Les responsables américains et leurs homologues ont écarté toute possibilité de représailles nucléaires contre la Russie, qui pourraient conduire à une guerre nucléaire mondiale totale. La réponse militaire occidentale pourrait, au mieux, consister en un coup conventionnel porté aux forces russes en Ukraine, qui serait exécuté par les forces de l’OTAN, ou en donnant du pouvoir à l’armée ukrainienne.
Cependant, d’autres options non-militaires puissantes et hautement destructrices sont sur la table. Ainsi, l’Occident pourrait saisir l’occasion d’une attaque nucléaire russe pour isoler complètement la Russie de l’économie mondiale, notamment en impliquant l’Inde et la Chine dans les sanctions.
Cela donnerait également aux pays occidentaux l’occasion de redoubler d’efforts pour dépeindre Poutine comme un président qui menace la paix mondiale, ce qui pourrait susciter une vive réaction internationale contre la Russie.
Les pays occidentaux sont désormais confrontés à un dilemme complexe. Alors qu’ils se sentent obligés d’aider l’Ukraine autant que possible, ils tentent simultanément d’éviter toute confrontation directe avec la Russie, qui pourrait éventuellement conduire à une escalade nucléaire.
L’Occident se trouve dans une position difficile : plus il aide l’Ukraine, plus la Russie subira de revers et plus Poutine sera ouvert aux options nucléaires.
En d’autres termes, l’Occident souhaite que Poutine soit suffisamment vaincu pour chasser ses forces de l’Ukraine, mais il ne veut pas être vaincu et humilié au point qu’il se sente obligé d’acquérir des armes nucléaires.
La triste vérité est la suivante : Nous ne devrions pas nous inquiéter de combattre une guerre mondiale “avec des bâtons et des pierres” si l’humanité peut survivre à la troisième guerre nucléaire mondiale.

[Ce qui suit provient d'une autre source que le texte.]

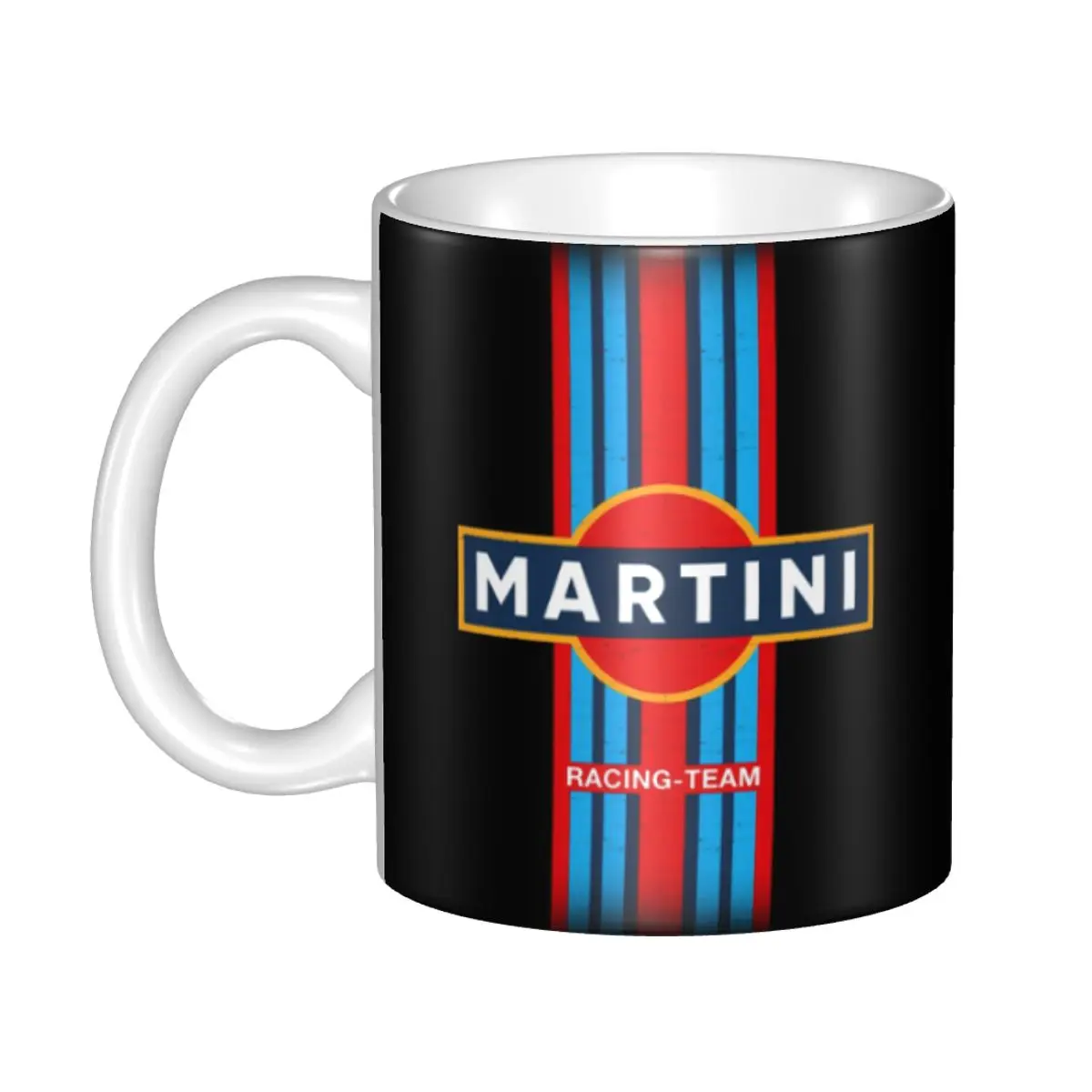 

Винтажная кружка Martini Racing, персонализированная Спортивная керамическая кофейная кружка в полоску для гонок, креативный подарок, уличные по...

Il y a toujours un juste milieu à atteindre et des solutions à trouver de manière pacifique, sans guerre. En plus de tout cela, nous avons déjà un monde difficile : COVID-19, le changement climatique, les crises alimentaires, la liste est longue. Affrontons ces défis de front au lieu de nous battre les uns contre les autres.